Aloha: The Soft Armor of a Saturday Morning
Scrambling eggs on a Saturday morning feels like a small rebellion. When the world is pressing in from all sides, when the to-dos are already piling up before the clock hits nine, choosing to make a real meal — a warm, nourishing one — becomes its own kind of resistance. You open the fridge and pull out whatever is left from the week: a handful of broccoli, a few tired cherry tomatoes, the last of the cheese. Not enough to build a plan around, but somehow enough to build a moment.
What comes together in the pan looks simple but lands with weight. A quiet, golden wedge of frittata that makes you sit up a little straighter as you take the first bite- you know that this is more than just breakfast. It’s proof. If you can take the scraps of a long week and turn them into something whole, warm, and steady, then you can meet whatever wolves are waiting at the door.
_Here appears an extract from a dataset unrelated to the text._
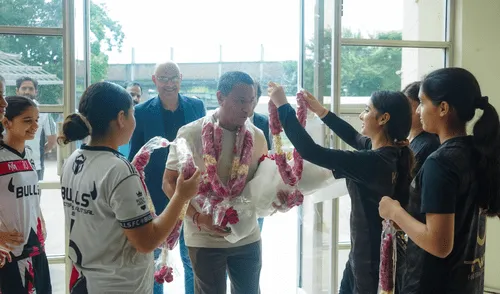 Nolberto Solano dirigirá por primera vez en el continente asiático. Foto: Federación de Pakistán Nolberto Solano recibido entre ramos de flores y elogios en la selección de Pakistán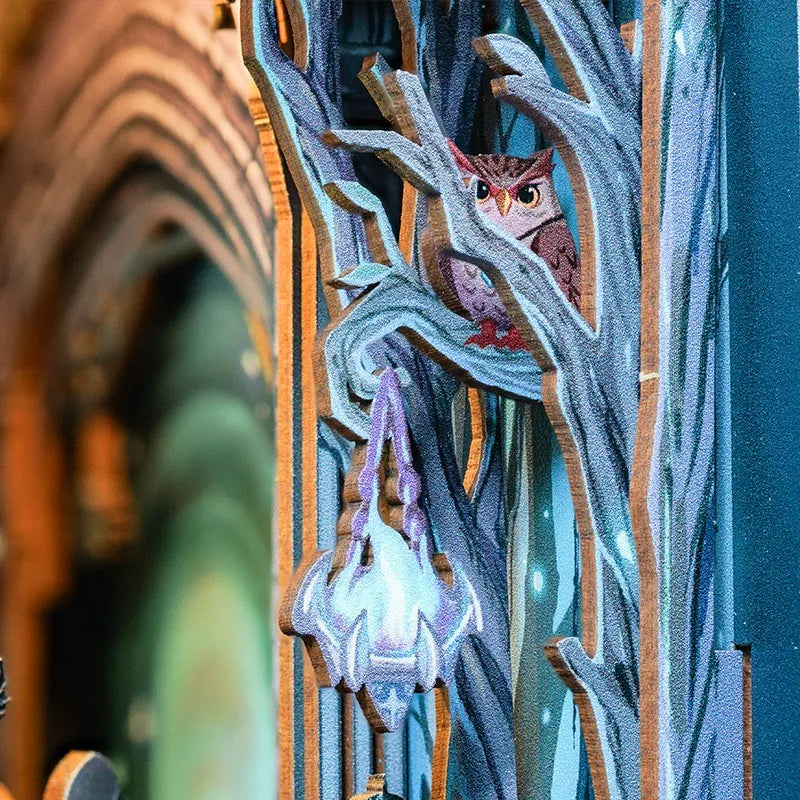 Book Nook - La Puerta del País de las Maravillas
This meal matters because it reaches you before the rest of the day can. Before the emails, before the decisions, before the emotional lifting and the outward tending. Before you start watering the world — feeding family, staff, guests, friends, strangers — you are feeding yourself. Something to remind you that nourishment isn’t a luxury. It is a preparation, a ritual, a kind of armor. And sometimes it begins with nothing more than a few leftover vegetables and the intention to take care of yourself before stepping back into everything else.